++++ Data for this exercise

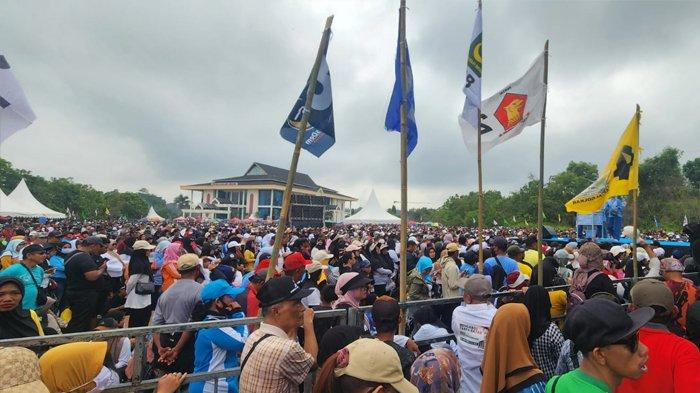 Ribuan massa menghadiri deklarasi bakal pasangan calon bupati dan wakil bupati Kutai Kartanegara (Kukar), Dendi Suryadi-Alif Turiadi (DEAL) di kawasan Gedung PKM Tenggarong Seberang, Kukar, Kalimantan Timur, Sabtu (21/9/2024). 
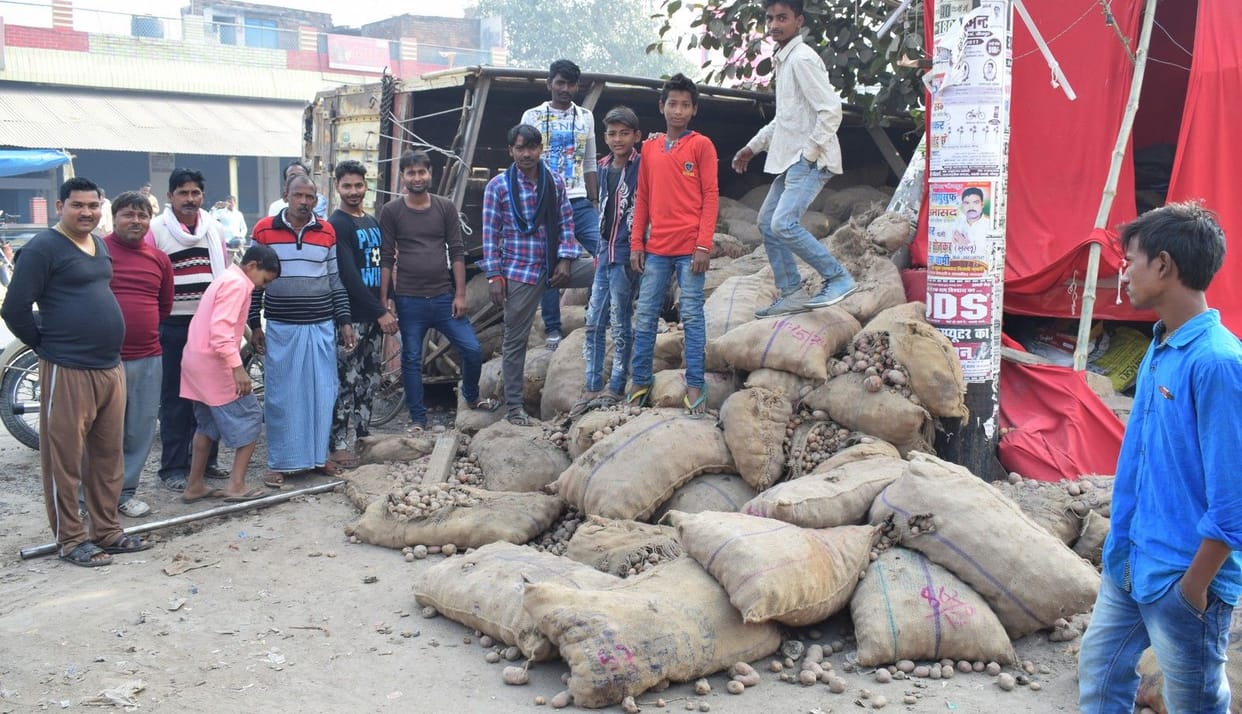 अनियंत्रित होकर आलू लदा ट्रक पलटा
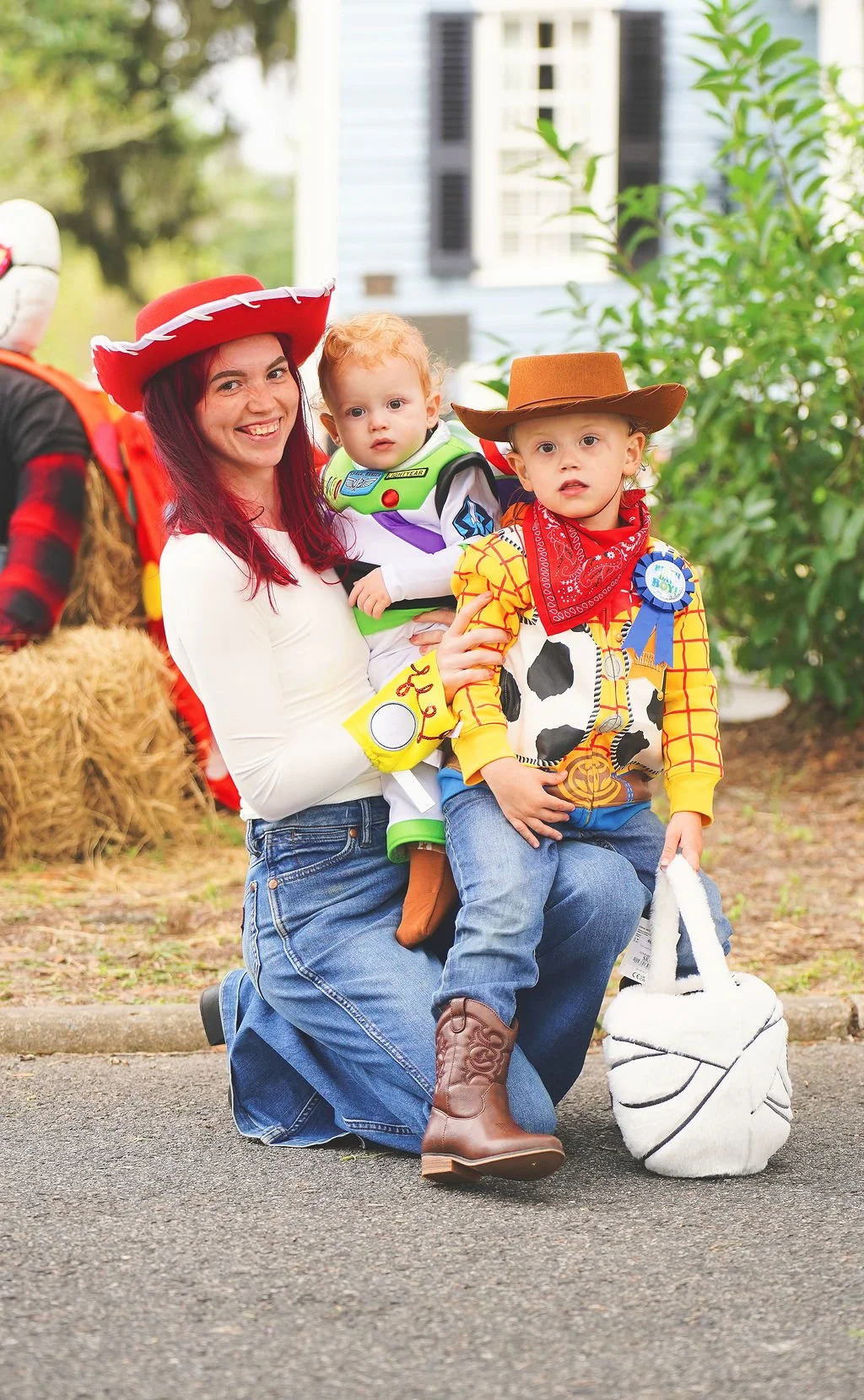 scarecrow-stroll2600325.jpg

++++++++
++++ Data for this exercise

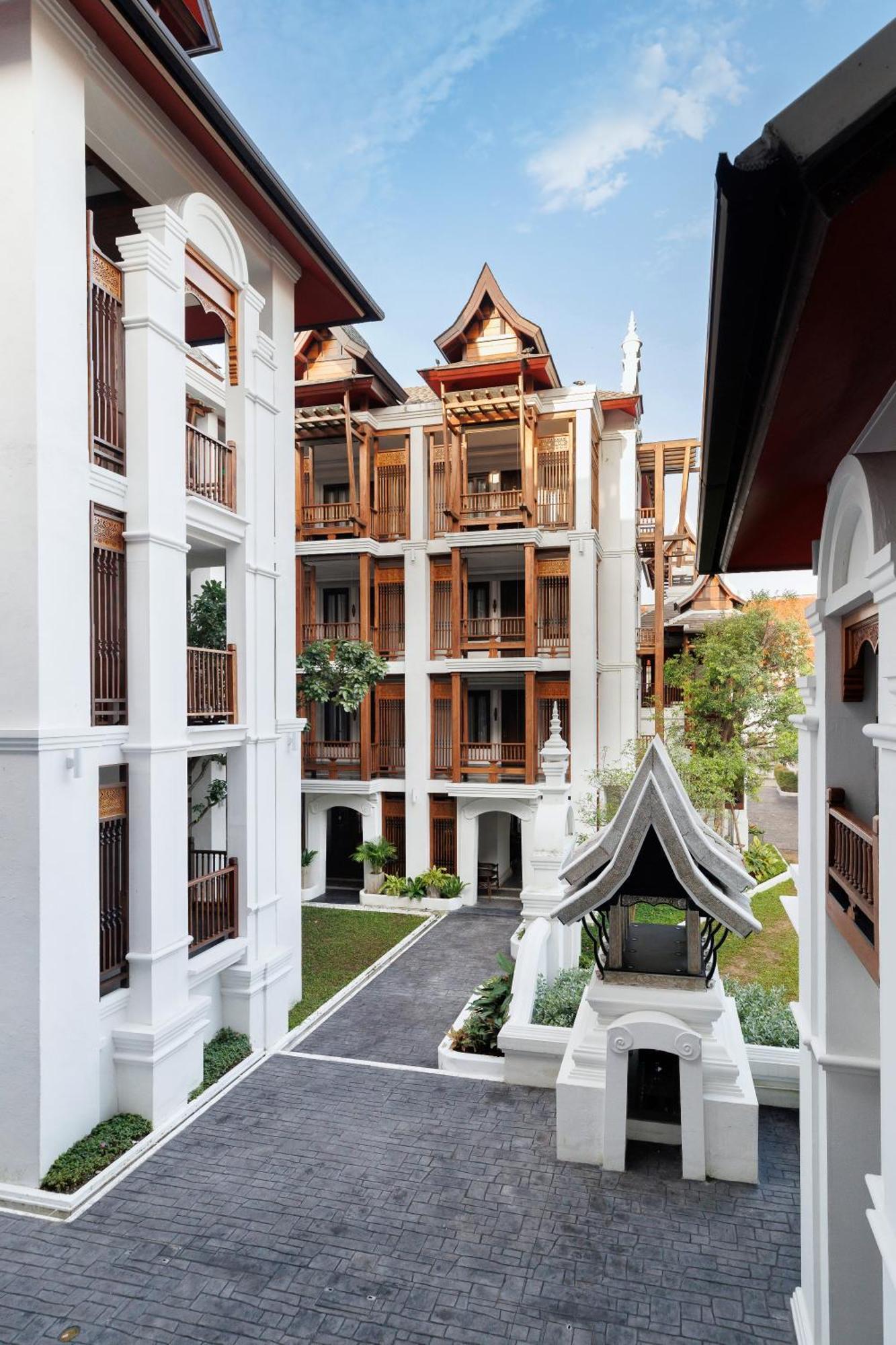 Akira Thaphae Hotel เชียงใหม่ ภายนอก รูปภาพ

++++++++

What is being asked: Go down the entries above from the line containing "अनियंत्रित होकर आलू लदा ट्रक पलटा" to the line containing "scarecrow-stroll2600325.jpg" and write out each line exactly, leaving pictures out.

Response area:
 अनियंत्रित होकर आलू लदा ट्रक पलटा
 scarecrow-stroll2600325.jpg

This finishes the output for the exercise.